UAX 29 provides for language-specific tailoring of break behavior, and this seems like a situation where you'd want grapheme break to be tailored. See section 3 of UAX 29 for a discussion of this.

Which language are we discussing here?

Deborah Goldsmith
Internationalization, Unicode liaison
Apple Computer, Inc.
[EMAIL PROTECTED]

On Oct 5, 2004, at 9:09 AM, Chris Harvey wrote:


Ysgrifennodd Christopher Fynn <[EMAIL PROTECTED]> ar y 05-10-2004 am 10:42:

It would of course be possible to have these pair combinations replaced by a single ligature glyphs using the "locl" feature in OpenType under a specific language tag.

Are ligatures what I’m looking for? The letters of the consonant cluster like "kw" are not joined together visually in any way. Also, when I use OpenType for ligatures like ffi st etc. the parts of the ligature are deleted one at a time.
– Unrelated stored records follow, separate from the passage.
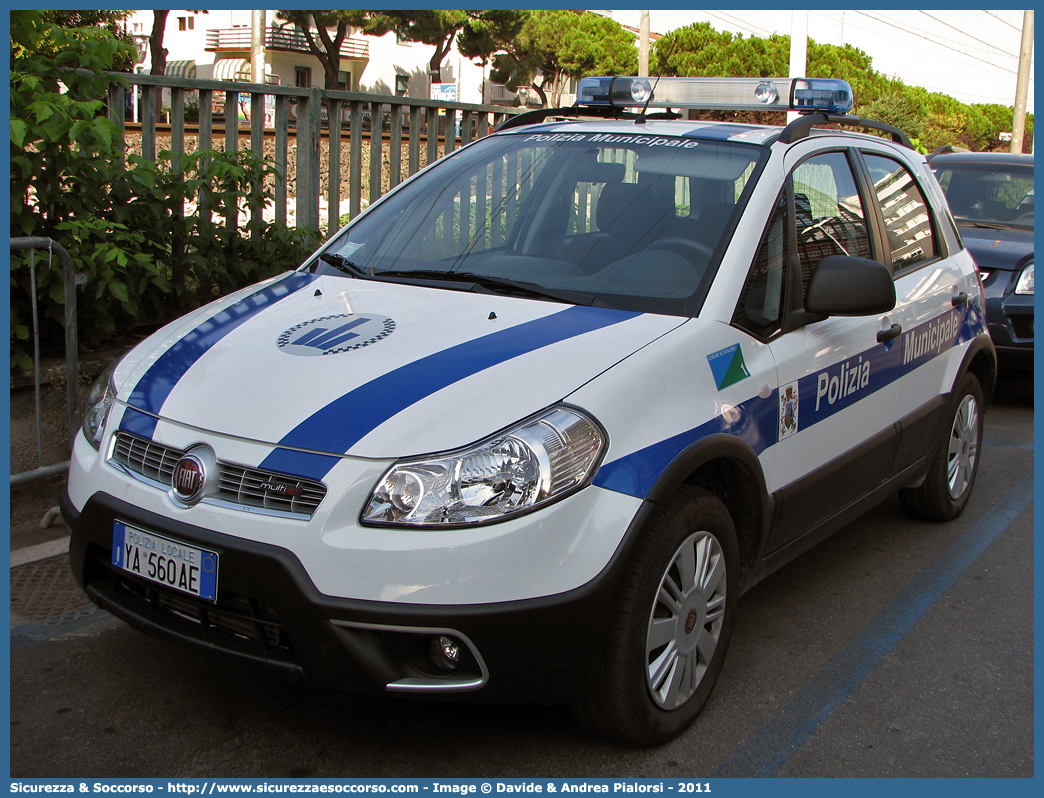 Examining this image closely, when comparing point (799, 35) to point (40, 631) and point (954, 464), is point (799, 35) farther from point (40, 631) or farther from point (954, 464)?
point (40, 631)

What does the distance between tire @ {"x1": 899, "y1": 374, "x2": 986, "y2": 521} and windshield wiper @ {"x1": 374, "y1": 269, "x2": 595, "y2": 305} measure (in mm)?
2182

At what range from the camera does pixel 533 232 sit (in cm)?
371

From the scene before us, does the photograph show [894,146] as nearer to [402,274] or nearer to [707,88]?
[707,88]

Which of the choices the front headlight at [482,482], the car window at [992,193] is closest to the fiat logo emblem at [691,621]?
the front headlight at [482,482]

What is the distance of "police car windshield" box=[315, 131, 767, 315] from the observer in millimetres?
3326

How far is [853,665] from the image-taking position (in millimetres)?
3457

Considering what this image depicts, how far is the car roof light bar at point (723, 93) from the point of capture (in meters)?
4.31

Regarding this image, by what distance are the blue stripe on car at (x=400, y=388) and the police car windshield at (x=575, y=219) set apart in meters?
0.32

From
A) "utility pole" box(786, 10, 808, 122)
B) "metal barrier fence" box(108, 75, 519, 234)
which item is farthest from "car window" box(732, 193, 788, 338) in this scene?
"utility pole" box(786, 10, 808, 122)

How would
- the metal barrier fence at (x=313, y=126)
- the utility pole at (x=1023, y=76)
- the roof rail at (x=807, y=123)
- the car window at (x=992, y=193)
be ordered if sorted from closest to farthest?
the roof rail at (x=807, y=123) < the metal barrier fence at (x=313, y=126) < the car window at (x=992, y=193) < the utility pole at (x=1023, y=76)

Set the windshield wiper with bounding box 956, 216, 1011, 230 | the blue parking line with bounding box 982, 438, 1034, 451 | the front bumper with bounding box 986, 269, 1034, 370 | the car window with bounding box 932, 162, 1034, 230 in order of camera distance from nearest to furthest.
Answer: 1. the blue parking line with bounding box 982, 438, 1034, 451
2. the front bumper with bounding box 986, 269, 1034, 370
3. the windshield wiper with bounding box 956, 216, 1011, 230
4. the car window with bounding box 932, 162, 1034, 230

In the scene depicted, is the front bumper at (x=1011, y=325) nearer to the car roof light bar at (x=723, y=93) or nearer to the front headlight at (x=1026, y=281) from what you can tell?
the front headlight at (x=1026, y=281)

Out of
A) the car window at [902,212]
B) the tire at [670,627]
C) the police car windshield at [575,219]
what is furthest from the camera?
the car window at [902,212]

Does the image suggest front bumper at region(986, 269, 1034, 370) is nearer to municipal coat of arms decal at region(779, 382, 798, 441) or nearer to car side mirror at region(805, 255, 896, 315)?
car side mirror at region(805, 255, 896, 315) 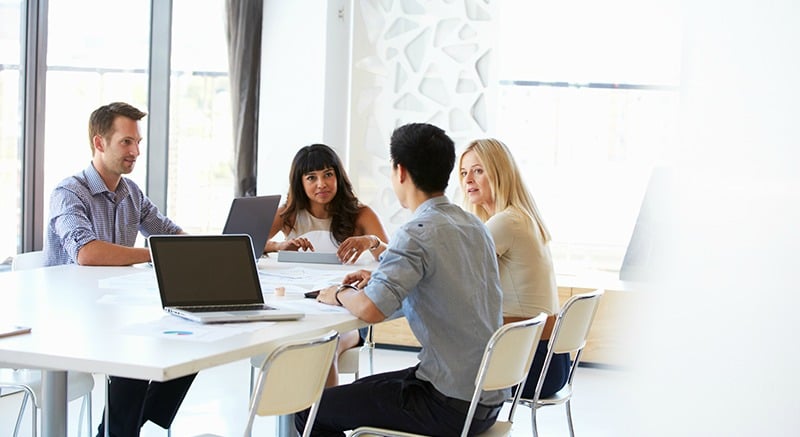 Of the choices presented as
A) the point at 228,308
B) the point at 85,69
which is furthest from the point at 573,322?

I think the UAX#29 or UAX#28 discusses the differences between grapheme clusters and ligatures.


Is there a locale setting for this language? - Many applications now automatically tag documents with the current input locale.

There is no locale setting. The Native American language has a very small speaker base.


You can tell these people that the PUA is no real solution since you can get some very unexpected glyphs displayed for PUA characters. (Microsoft Windows automatically maps a bunch of non-BMP CJK characters to PUA codepoints and sometimes these will display instead of the glyphs in your font.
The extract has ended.